Mikulski, Cornyn Announce Senate Passage of their Bill to Rename Provision that Leveled Retirement Savings Playing Field for Families as 'Kay Bailey Hutchison Spousal IRA'

Senators Championed Hutchison Legislation in 1996 to Allow Stay-at-Home Spouses to Make Equal, Fully Deductible Contributions to Retirement IRAs

December 28, 2012

WASHINGTON – U.S. Senators Barbara A. Mikulski (D-Md.) and John Cornyn (R-Texas) today announced Senate passage of their bill to rename legislation championed by Senator Kay Bailey Hutchison (R-Texas) to allow working spouses and homemakers to contribute the same amount to their IRA savings as the 'Kay Bailey Hutchison Spousal IRA.' Senator Hutchison spearheaded the effort after she was sworn-in to the Senate in 1993 with the support of Senator Mikulski, and saw the legislation signed into law as part of the Small Business Job Protection Act of 1996.  

"It's fitting that we recognize Senator Hutchison for her long-standing and steadfast advocacy for women," Senator Mikulski said. "Her commitment to this legislation and to the women of America reflects the values of our nation. It rewards good parenting and families and recognizes that not all work is done in the marketplace. Moms and dads who are struggling to do the right thing for their family shouldn't be penalized for staying at home. By amending this provision in our tax code, women and families across America will know that they're benefitting from the Kay Bailey Hutchison Spousal IRA."  

"I'm pleased to support this legislation to honor Senator Hutchison for her important efforts to help moms and dads who work full-time caring for their children at home plan for their future," Senator Cornyn said. "As she retires from the Senate, Sen. Hutchison will be remembered for this and countless other contributions that have improved the lives of working Texans and Americans across the country."  
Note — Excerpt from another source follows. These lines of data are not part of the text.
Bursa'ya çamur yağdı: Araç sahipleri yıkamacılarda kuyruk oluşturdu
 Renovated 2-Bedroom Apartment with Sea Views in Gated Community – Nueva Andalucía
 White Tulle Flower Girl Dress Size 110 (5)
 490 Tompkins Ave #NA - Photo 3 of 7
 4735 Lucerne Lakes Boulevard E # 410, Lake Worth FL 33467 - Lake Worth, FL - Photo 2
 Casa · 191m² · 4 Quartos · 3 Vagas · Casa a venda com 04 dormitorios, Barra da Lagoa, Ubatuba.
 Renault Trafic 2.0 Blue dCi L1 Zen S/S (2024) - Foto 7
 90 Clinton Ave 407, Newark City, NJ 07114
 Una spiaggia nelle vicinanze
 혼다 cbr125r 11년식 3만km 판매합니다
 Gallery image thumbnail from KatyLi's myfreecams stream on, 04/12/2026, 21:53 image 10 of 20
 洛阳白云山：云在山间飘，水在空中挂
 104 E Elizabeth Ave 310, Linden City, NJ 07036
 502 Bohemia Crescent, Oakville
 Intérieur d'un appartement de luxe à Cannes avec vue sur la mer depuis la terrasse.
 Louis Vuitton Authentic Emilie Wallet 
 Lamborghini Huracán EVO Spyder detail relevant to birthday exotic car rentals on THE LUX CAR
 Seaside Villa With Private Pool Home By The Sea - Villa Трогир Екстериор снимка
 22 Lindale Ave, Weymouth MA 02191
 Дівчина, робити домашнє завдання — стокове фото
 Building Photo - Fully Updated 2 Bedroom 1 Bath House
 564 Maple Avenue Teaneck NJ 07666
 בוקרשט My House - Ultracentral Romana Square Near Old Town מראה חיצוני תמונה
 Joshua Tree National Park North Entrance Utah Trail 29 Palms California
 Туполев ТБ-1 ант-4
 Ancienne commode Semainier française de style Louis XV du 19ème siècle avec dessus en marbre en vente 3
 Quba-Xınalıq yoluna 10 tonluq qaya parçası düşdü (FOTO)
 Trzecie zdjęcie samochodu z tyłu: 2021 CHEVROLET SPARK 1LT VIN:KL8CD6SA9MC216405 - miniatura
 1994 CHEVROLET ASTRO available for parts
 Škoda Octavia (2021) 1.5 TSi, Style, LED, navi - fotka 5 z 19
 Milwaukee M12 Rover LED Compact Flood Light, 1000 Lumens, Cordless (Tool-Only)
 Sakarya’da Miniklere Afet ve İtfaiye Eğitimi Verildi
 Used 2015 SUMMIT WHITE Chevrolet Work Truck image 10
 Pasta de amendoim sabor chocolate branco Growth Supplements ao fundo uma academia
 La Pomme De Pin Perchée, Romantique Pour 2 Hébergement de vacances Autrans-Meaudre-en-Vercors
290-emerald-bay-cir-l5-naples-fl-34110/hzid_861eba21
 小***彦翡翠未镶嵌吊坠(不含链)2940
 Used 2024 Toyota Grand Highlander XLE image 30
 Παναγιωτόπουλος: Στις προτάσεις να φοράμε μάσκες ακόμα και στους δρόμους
Congress created the Spousal IRA in 1996. This legislation levels the playing field by allowing spouses who are non-wage earners to make equal, fully deductible contributions to individual retirement accounts. Women have traditionally been at a disadvantage in saving for retirement because they spend time in and out of the workforce. Currently, contributions of up to $5,000 for each spouse are allowed if the couple's wages or self-employment earnings are $10,000 or more.